The “Love of Learning” angel pictured helps make a point I’d like to bring out and ties some things together. As not only do I celebrate this huge milestone, I see an opportunity to share an insight about the angel.You see it was a recent gift from a sister by choice, whose father is a pure embodiment of love, the last remaining of our parents who became lifelong buddies when my dad and he were military policemen in the Korean War. She had never met my daughter before, partially because the commitment Melody has made to herself and her career has kept her from many if not most family gatherings. At the opportunity to finally meet her, this woman chose a gift that captured what she felt was Melody’s essence as she came to understand her through me.

This angel represents the best and brightest parts of my daughter and captures the sweetest most tender part of her, the part I’ve tried to protect and find places for her to realize. It was sometimes disguised as, shall we say, other things, yet it was unmistakable that her passion for learning came from a deeper source than I was aware of. She was mocked in elementary school for her drive that even brought with it strains of anti-semitism when we first moved to the Connecticut shoreline. Her hunger for learning carried us through the journey of finding the right places for her to thrive, and ultimately she found her educational homes with an intuition that seemed to be led by an angelic love of learning. I had my heart set on other colleges, but her laser sharp drive cut through any notions I had of what I thought was best for her.

So the angel gift from my recent houseguests held special meaning on many levels. Here is an opportunity to look more deeply at the people I broke bread with, shared our broken hearts with when we buried our beloved friends and parents together, and grown to love dearly. If I am truly to embrace the spirit of the love of learning, then I must bore into the realization that these loved ones are politically conservative and see the world through a lens and prism that I and many who share my liberal leanings, simply do not understand. Especially now as I am shaking in my boots at the prospect of a Supreme Court perilously close to shifting some deeply important policies that have taken the blood and guts of our culture by storm.

I implored myself to delve to find the common threads below the surface. We spoke of faith and what it means outside of politics, often in the context of the beauty and mystery of nature and the love that sustains more than divides. I dove deeply into my own love of learning to understand how it could be that we would be together by choice, when many liberals would put a hand up against the idea.

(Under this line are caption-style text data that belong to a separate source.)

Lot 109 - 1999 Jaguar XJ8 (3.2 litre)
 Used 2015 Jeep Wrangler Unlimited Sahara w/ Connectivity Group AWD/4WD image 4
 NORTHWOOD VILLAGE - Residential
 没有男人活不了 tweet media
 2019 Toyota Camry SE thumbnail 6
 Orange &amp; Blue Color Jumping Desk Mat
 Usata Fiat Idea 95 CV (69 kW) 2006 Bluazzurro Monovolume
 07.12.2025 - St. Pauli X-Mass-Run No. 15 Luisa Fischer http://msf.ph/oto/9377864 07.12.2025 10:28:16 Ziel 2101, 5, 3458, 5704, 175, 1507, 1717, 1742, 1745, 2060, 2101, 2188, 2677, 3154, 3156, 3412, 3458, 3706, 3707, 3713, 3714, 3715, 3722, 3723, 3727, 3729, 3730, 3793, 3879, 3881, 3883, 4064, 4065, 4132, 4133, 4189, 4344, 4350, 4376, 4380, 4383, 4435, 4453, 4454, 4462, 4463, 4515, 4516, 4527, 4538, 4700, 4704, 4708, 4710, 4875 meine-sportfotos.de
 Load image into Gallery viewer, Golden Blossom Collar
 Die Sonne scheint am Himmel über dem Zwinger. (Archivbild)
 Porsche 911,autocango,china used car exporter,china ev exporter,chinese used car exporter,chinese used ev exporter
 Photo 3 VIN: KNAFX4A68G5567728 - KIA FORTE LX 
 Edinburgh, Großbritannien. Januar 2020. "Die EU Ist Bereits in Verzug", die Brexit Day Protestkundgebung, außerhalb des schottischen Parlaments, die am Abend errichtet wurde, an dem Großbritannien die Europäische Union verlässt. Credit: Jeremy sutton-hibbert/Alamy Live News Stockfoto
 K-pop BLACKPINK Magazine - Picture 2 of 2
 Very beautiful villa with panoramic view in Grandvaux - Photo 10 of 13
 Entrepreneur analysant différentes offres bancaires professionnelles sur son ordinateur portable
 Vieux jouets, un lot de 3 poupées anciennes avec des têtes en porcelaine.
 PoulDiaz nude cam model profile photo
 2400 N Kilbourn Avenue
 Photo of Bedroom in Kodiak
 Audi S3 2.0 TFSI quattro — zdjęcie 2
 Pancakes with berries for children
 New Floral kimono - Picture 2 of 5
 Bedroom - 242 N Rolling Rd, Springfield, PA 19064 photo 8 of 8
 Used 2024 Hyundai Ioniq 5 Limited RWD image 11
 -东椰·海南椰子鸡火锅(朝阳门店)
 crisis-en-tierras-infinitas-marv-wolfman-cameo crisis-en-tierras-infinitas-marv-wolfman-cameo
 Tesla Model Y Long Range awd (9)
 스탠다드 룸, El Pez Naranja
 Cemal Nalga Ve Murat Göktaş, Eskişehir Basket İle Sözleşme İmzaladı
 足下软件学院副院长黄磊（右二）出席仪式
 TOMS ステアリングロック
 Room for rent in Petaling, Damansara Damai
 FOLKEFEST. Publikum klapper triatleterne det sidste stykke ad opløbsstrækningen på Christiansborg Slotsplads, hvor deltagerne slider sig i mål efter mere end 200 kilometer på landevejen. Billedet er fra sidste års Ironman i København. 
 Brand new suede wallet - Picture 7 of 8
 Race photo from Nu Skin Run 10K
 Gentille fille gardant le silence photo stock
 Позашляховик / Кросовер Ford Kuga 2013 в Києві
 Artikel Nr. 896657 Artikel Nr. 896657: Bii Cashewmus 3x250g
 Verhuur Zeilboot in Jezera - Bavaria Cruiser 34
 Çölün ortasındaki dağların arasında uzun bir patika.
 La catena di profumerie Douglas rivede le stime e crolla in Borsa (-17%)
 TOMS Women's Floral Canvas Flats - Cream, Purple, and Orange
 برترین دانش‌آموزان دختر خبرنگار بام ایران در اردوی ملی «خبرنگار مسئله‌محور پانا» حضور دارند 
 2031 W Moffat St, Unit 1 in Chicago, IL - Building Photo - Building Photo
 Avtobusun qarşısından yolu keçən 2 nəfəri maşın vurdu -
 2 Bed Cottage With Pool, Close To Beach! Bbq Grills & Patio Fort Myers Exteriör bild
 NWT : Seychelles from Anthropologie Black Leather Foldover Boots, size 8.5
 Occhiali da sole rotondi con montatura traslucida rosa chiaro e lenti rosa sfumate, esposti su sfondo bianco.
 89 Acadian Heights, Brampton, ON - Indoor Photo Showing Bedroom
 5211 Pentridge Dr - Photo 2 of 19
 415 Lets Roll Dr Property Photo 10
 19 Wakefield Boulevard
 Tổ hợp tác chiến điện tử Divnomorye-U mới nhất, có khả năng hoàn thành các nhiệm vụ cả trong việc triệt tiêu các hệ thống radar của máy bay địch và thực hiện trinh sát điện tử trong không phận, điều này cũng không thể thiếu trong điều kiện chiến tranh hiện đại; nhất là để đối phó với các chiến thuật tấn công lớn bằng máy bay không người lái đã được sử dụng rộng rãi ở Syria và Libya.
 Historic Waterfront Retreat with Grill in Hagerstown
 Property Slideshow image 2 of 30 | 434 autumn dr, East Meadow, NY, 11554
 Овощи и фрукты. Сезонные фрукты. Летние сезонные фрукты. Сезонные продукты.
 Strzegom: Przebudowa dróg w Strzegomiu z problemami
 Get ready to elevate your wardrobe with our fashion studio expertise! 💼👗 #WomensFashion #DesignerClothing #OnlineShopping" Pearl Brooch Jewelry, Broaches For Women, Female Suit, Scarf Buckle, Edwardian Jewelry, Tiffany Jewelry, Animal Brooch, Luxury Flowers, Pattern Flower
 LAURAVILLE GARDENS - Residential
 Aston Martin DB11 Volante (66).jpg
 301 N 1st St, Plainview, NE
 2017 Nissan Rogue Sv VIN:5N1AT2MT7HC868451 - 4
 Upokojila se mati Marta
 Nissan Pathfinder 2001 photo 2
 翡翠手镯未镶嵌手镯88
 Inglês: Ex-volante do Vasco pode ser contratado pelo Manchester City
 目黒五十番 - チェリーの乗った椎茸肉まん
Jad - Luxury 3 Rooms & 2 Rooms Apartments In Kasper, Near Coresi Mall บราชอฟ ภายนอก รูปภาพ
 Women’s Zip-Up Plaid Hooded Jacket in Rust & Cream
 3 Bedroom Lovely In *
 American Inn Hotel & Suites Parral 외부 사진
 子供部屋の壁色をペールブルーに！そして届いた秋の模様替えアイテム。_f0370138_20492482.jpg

So the question I raise is how to build the bridges? How do we begin to heal the deeper wounds of our divided country and our world. As a writer, artist, and a mother bursting with pride, I begin to look at how we can do this, and for now I have set out to let the dialogue begin. In celebrating that my daughter Melody, the most beautiful song I’ve had a hand in creating, is on her way to solving the autism puzzle, I have come to believe that if she can accomplish this from her natural love of learning, then anything is possible if we look at it from the source of all there is … love.

In honor of my daughter’s remarkable achievement, let this be a gentle call to action to pierce the divisive walls with compassion and the will to build on common ground. The “Love of Learning” angel is rooting for us.